*** INFORMATION SUPPLIED Section Begins ***
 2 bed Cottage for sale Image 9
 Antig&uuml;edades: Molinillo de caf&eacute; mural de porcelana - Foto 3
*** INFORMATION SUPPLIED Section Ends ***
*** INFORMATION SUPPLIED Section Begins ***
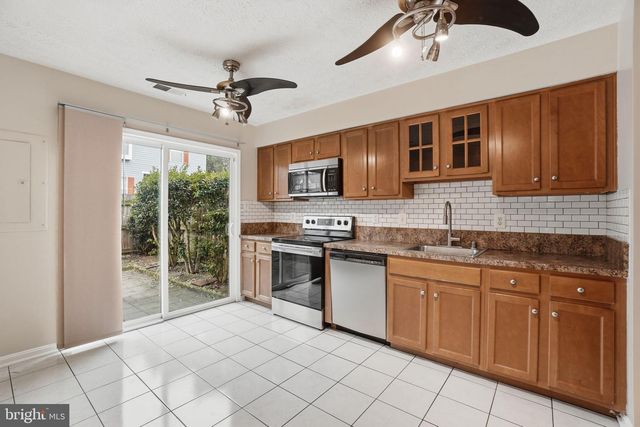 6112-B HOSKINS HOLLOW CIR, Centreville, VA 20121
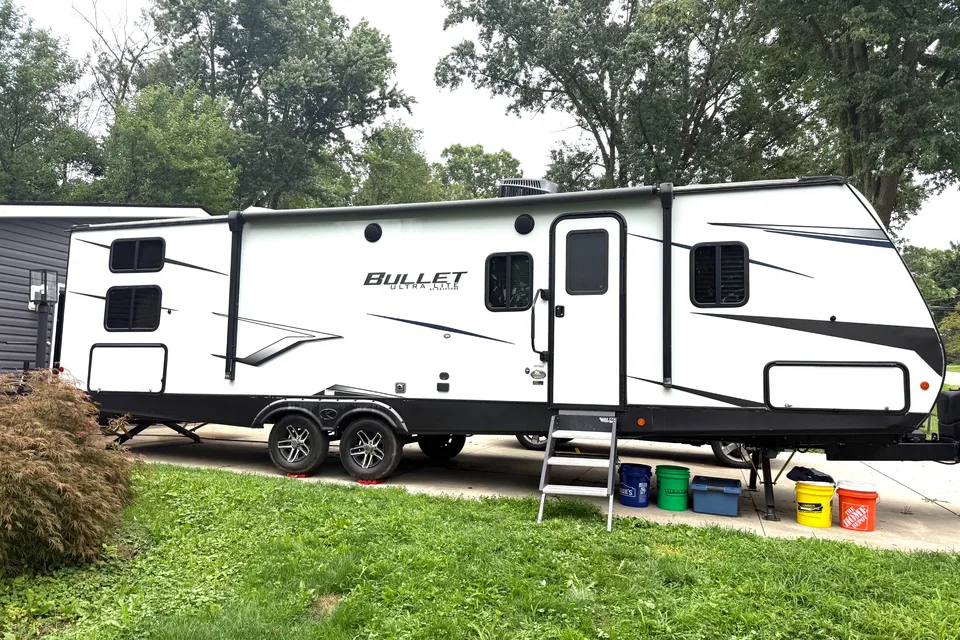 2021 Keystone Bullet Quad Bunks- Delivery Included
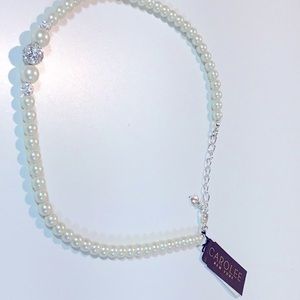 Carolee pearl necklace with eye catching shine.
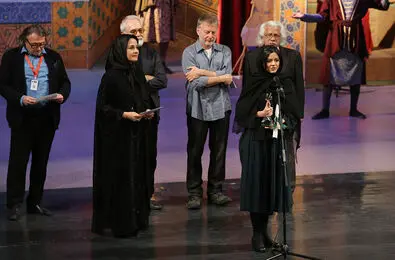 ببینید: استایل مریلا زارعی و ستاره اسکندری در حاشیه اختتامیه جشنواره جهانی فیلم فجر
*** INFORMATION SUPPLIED Section Ends ***
» **EXERCISE DESCRIPTION**
Going by the data above, the answer is exactly the lines from the one holding "Carolee pearl necklace" to the one holding "ببینید: استایل مریلا", both kept, with the pictures left out.

» **RESPONSE TO THIS EXERCISE**
 Carolee pearl necklace with eye catching shine.
 ببینید: استایل مریلا زارعی و ستاره اسکندری در حاشیه اختتامیه جشنواره جهانی فیلم فجر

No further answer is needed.